[Beowulf] Re: debugging

Wed Apr 11 09:48:22 PDT 2007

 Matt Funk <mafunk at nmsu.edu> wrote:

> The reason i want to run on 32 processor though, is that it takes (on 32 
> procs) several hours till my program crashes. Also, i would like to be
able 
> to keep the conditions under which it crashes intact as much as possible 
> (i.e. run on 32 procs rather than 1).

> 
> Does anyone have any advice?

This is pretty general...

My advice is to be sure the code is absolutely as clean and standard
compliant as possible before you touch a debugger.  That means
add -Wall -pedantic -std=c99  (for gcc, or as appropriate for your
compiler) and don't stop until every bit of it compiles without a single
warning.

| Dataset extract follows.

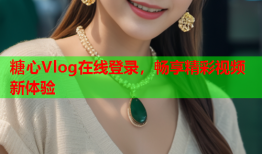 糖心Vlog在线登录，畅享精彩视频新体验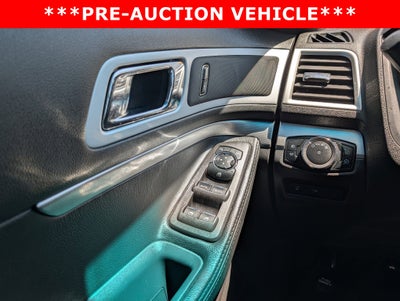 2013 Ford Explorer XLT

Then run it through valgrind or the equivalent
and fix every memory problem it finds.  Then, and only then, try your
long run again.  If you're lucky this will fix the problem and you
won't have to debug anything.

Also a comment - if your program crashes pretty much by definition it
is not doing sufficient error checking.  Rather than "kaboom!" a well
written program will emit an "could not allocate memory" or "invalid
pointer" message and then exit gracefully.  Yes, I know that level of
error checking is often left out of inner loops for speed reasons.

Assuming that your code has a fairly fast cycle, so that several hours
represents many, many cycles, you're almost certainly looking for
either an invalid memory access, a memory leak, or running
some loop counter past the end of the loop (for instance, via an
unhandled condition.)  Valgrind can help you find some of these.  If
it does any file IO you might also be using up all the file descriptors.
(Saw that once in a version of NCBI BLAST, where it kept opening a gi
file and not closing it before the next open.)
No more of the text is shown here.